Insurance companies that write business in Connecticut are being asked to provide details regarding climate change risks and how it could potentially impact their investments, environmental strategy and communications with customers regarding the affect on policies.
Thomas B. Leonardi, the State Insurance Commissioner, has distributed a comprehensive survey to about 100 insurers that will eventually be made available to the public. Among some of the major topics of the survey are the changing weather patterns and how companies research and plan for these unexpected events and what financial impact it could have on customers.

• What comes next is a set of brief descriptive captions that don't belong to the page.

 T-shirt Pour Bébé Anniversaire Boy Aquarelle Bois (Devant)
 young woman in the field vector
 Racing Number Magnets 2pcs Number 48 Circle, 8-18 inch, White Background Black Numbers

And certainly, the stability of rates is a major concern for Mr. Leonardi. If prices of policies are going to wildly fluctuate after every change in weather patterns or large-scale events, rate stability will vanish, which is one of the goals of any State Department Of Insurance. Some of the biggest concerns are the potential damage caused by hurricanes, severe thunderstorms, extended heat waves, tornadoes and major hail storms.
The survey was sent to carriers that not only wrote auto and homeowner’s insurance, but also life and health benefits as well. Although the focus is more on property and casualty coverage when natural disasters are discussed, life, health and disability rates could also be adversely affected.

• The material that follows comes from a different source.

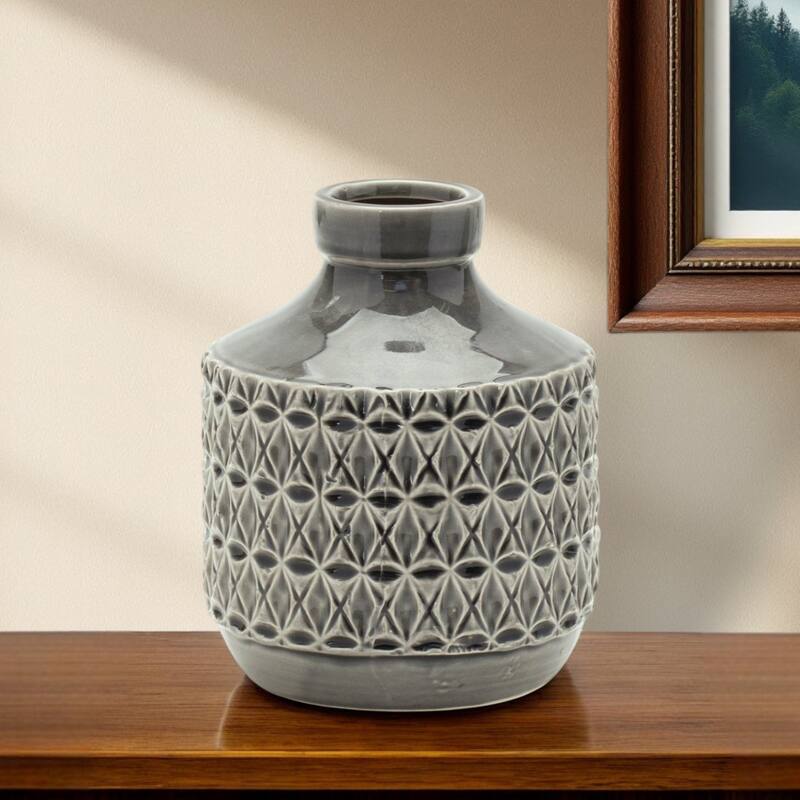 Grey Geometric Terracotta Bud Vase for Tabletop Decor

Of course, not every insurance company is going to agree on how much time, effort and money should be spent on the subject. In fairness, the notion of climate change and global warning is still very subjective. Hartford, for example, is one of the largest companies doing business in Connecticut and they have devoted time in the past taking similar surveys and closely studying the results.

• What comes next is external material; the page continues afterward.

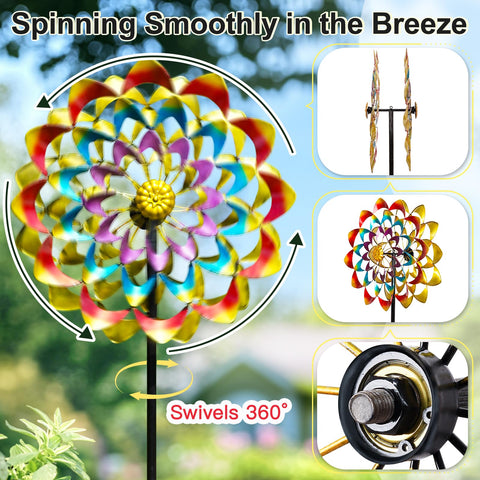Lariander 84-inch height windmill spins gracefully in the breeze for eye-catching motion.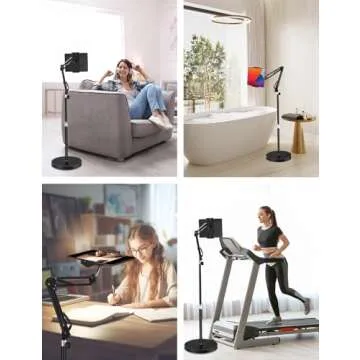 Tablet Floor Stand, Overhead Bed Phone Stand with 12 lb Super Stable Base & Angle/Height Adjustable, Compatible with 4.5''-13'' iPhone, iPad Pro 12.9, Galaxy Tab, Kindle, Phones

Aetna has also been active in conserving energy in locations here in the US and abroad. they have been very active in promoting the protection of resources and consuming less energy, which translates to lower premiums for customers. Their best health insurance rates in Connecticut are also among the most competitive, although, in fairness, conservation probably does not substantially impact their healthcare prices
National disasters continue to cost big and small insurance companies tremendous amounts of time, manpower and money. In 2012, almost $60 billion was spent on paying and investigating claims, cleanup and rebuilding. Storm Sandy was responsible for almost $26 billion of that amount, and claim payments are still being paid. Fortunately, sufficient reserves were available to pay all claims.
Larger insurers are typically better at weathering the storm (no pun intended). The five largest carriers in Connecticut (ranked by their total assets) are Hartford, Aetna, Tavelers, General Re and Phoenix Home Life Mutual. Although their views on the possibility (or existence) of climate change may be different, all five companies are quite financially sound.